RAY tune does not save checkpoint information under experiment path

Hi,

I am trying to use ray.tue(2.10.0) with LightGBMTrianer on my MacOS with M3, the key python source about checkpoint configurate is as following:

def lgbm_train(config, train_data, valid_data):
Preformatted texttrainer = LightGBMTrainer(

run_config=RunConfig(

checkpoint_config=CheckpointConfig(

num_to_keep=1,

checkpoint_frequency=1,

checkpoint_score_attribute=“valid-auc”,

checkpoint_score_order=“max”,)),

scaling_config=ScalingConfig(

num_workers=config[“num_workers”],

use_gpu=False,),

label_column=config[“label_column”],

num_boost_round=config[“num_iterations”],

params=config,

datasets={“train”: train_data, “valid”:valid_data}

)

result = trainer.fit()

return {“train-auc”: result.metrics[“train-auc”] ,

“valid-auc”: result.metrics[“valid-auc”] }

stopper = CombinedStopper(

MaximumIterationStopper(max_iter=100),

TimeoutStopper(10*60))

ckpconfig = CheckpointConfig( num_to_keep=1,

checkpoint_frequency=1,

checkpoint_score_attribute=“valid-auc”

checkpoint_score_order=“max”,)

scheduler = ASHAScheduler()

algo = HyperOptSearch()

tuner = tune.Tuner( tune.with_parameters(lgbm_train,train_data=train_dataset, valid_data=valid_dataset),

param_space=config,

tune_config=TuneConfig(

reuse_actors=True,

max_concurrent_trials = 4,

metric=“valid-auc”,

mode=“max”,

scheduler=scheduler,

search_alg=algo,

num_samples=10 ),

run_config=RunConfig(

name=“lgtgbm_tuner”,

stop=stopper,

checkpoint_config = ckpconfig,

),)

results = tuner.fit()

bst_rlt = results.get_best_result(

metric=“valid-auc”, mode=“max”, scope=“last”, filter_nan_and_inf=True)

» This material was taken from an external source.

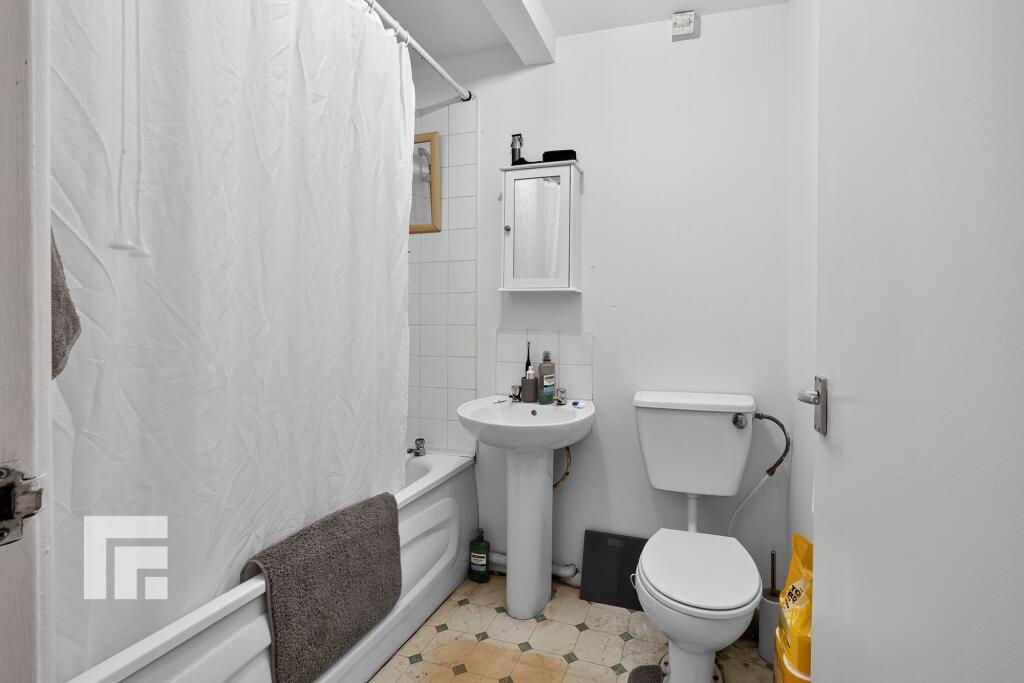 House in Cardiff - More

ckp_data = bst_rlt.get_best_checkpoint(“valid-auc”, “max”).get_metadata()

The about line code failed with:**

RuntimeError: No checkpoint exists in the trial directory!**

df = results.get_dataframe()

print(df)

This output shouws checkpoint_dir_name of every trail is None.

Under the ray_results directory, there is a lgtgbm_tuner directory, I think it is created by tuner

under lgtgbm_tuner there are many trail sub directories which do not contain any checkpoint sub directories,

the name of trail sub directory is something like this:

lgbm_train_28e886a6_8_bagging_fraction=0.9786,boosting_type=gbdt,feature_fraction=0.7612,label_column=target,learning_rate=0.0338,_2024-04-07_10-07-44

But there are also many trail like sub directories under the ray_results top directory, the names are something like LightGBMTrainer_2024-04-07_10-07-03, which has sub directory with names like LightGBMTrainer_86ac2_00000_0_2024-04-07_10-07-03, and it contains the checkpoint directory like checkpoint_000062.

Can you help pointing out what I have missed about checkpoint settings, thanks.